Amis, Hitchens, Rushdie, McEwan—what is this illness they suffer from? An illness caused by an event, 9/11. Can it be named? Can it be cured? The 9/11 sickness eats the brain like a goat eats grass.

RSS icon Comments

1

Something tells me you and Terry Eagleton would get along great, Charles.

Posted by Gabriel | October 26, 2007 9:53 AM
2

Womenopause.

Posted by DaiBando | October 26, 2007 10:02 AM
3

Wow, DID they actually refer to Time's Arrow (1992) as a "recent experiment"? I would take that whole piece with a grain of salt.

Posted by Levislade | October 26, 2007 10:28 AM
4

Fuck Terry Eagleton. Seriously, fuck him and fuck anyone else who describes himself as a Marxist. The ideologies derived from Marxism, Leninism, Stalinism, Maoism and others have killed far more people than fascism ever managed to. Making them more repulsive than fascism is their claim that shedding this blood was necessary to build a better world. Anyone in 2007 who describes himself as a Marxist should be treated with the same withering contempt as anyone describing himself as a fascist or a Nazi.


Posted by wile_e_quixote | October 26, 2007 11:09 AM
5

Maybe you should ask Dan that question.

Posted by wf | October 26, 2007 11:16 AM
6

i'm still digesting this one: "...he puffed through roll-ups, winding up the back row with his eased-up, fag-honed tones."

them britishers sure gots fancy terms for smoking!

Posted by maxsolomon | October 26, 2007 11:26 AM
7

In the UK there were also the 07/07 attacks on the London Subways, it's not merely 9/11. Yes, god forbid some people from casting off a horrid relic of an ideology (marxism, maoism, whatever) and realizing that their are larger threats to civilization than an gender/ethnic studies department getting reduced funding. I agree with the above commentator, anyone who still brandishes the label of "marxist" should be equated with anyone still calling themselves a "facist."
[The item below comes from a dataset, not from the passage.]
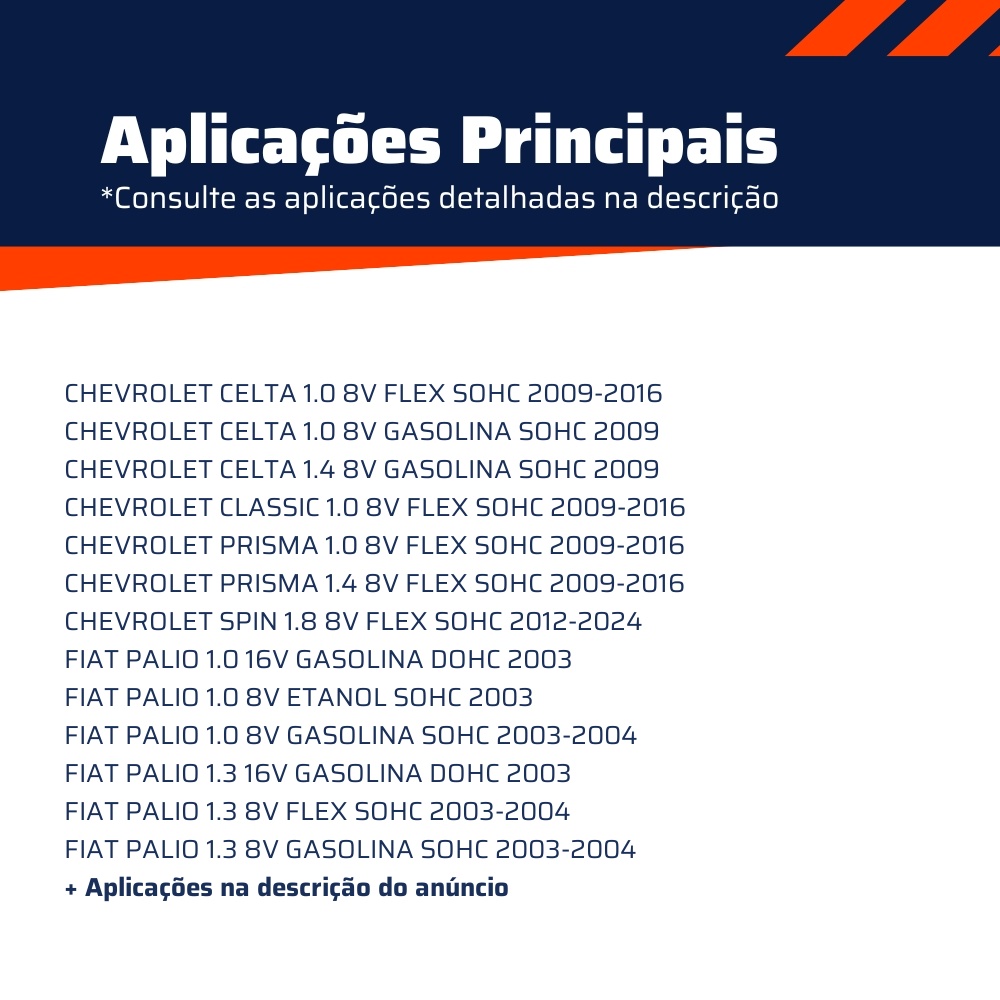 Correia de acessórios Micro V - GATES - 5PK1795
Posted by aarons | October 26, 2007 11:26 AM
8

In Hitchens' case I think his former liberal cred coupled with his willingness to shill for the neocon position with rhetoric that resonates with liberals ("they're coming for our freedoms!" essentially) plus his native irascibility make him a natural pundit, which seems to be paying him well. He sounds very sure of himself and very British and that makes for good TV.
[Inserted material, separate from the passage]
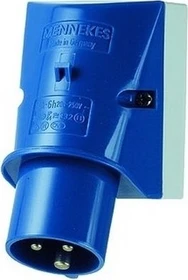Mennekes Wandgerätestecker 16A 3P 6h 230V IP44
The reasons for Rushdie's current position on radical Islam seem pretty obvious.

For the others? Maybe grouchy-old-man disease? Maybe the tendency for yesterday's radicals to become today's entrenched establishment? People with mortgages and alimony tend to become more conservative.

Posted by flamingbanjo | October 26, 2007 11:27 AM
9

I know what a comb-over is, but what is a Charlton comb-over?
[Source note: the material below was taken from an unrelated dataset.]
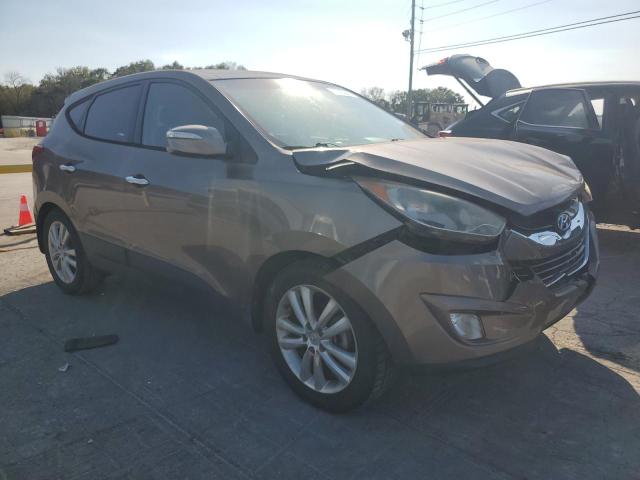KM8JU3AC7BU198425 - 2011 HYUNDAI TUCSON GLS Qəhvəyi foto 4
Posted by inkweary | October 26, 2007 12:03 PM
10

The issue here seems to be that these writers need to up-mod their wardrobe a bit; they need to go from "frumpy-stale" to "frumpy-chic".

It's time to lose the whole padded elbow thing, it's played out and carries too much historical baggage, & it's as cliché as cargo pants on trustifarians. Their shoes should have a restrained pizzaz, utilitarian with a touch of flair. Earth toned ties are tried and true, but can be boring, add a platinum clip/cufflink set for an elegant twist. Throw on a nice belt, maybe opt for a pocketwatch.

No more will the masses think you're some mumbly old fart, but relevant again and lookin' good for revolution.

Posted by gucci clad marxist | October 26, 2007 12:38 PM
11

Rushdie has been railing against radical Islam since well before 9/11, and, as #8 notes, it shouldn't be too hard to figure out why. There's also a fundamental difference between Rushdie, and Hitchens and Amis. Rushdie is actually sympathetic to moderal Muslims and doesn't try to demonize all of Islam.

Posted by keshmeshi | October 26, 2007 1:09 PM
12
Posted by Kiru Banzai | October 26, 2007 11:05 PM
13

Martin Amis needs to spend some time posting hot snapshots of the United Bitches of Benetton to the Time Out London blog, maybe drop a little Foucault, a little Nabokov. Then he'd be a writer worth considering.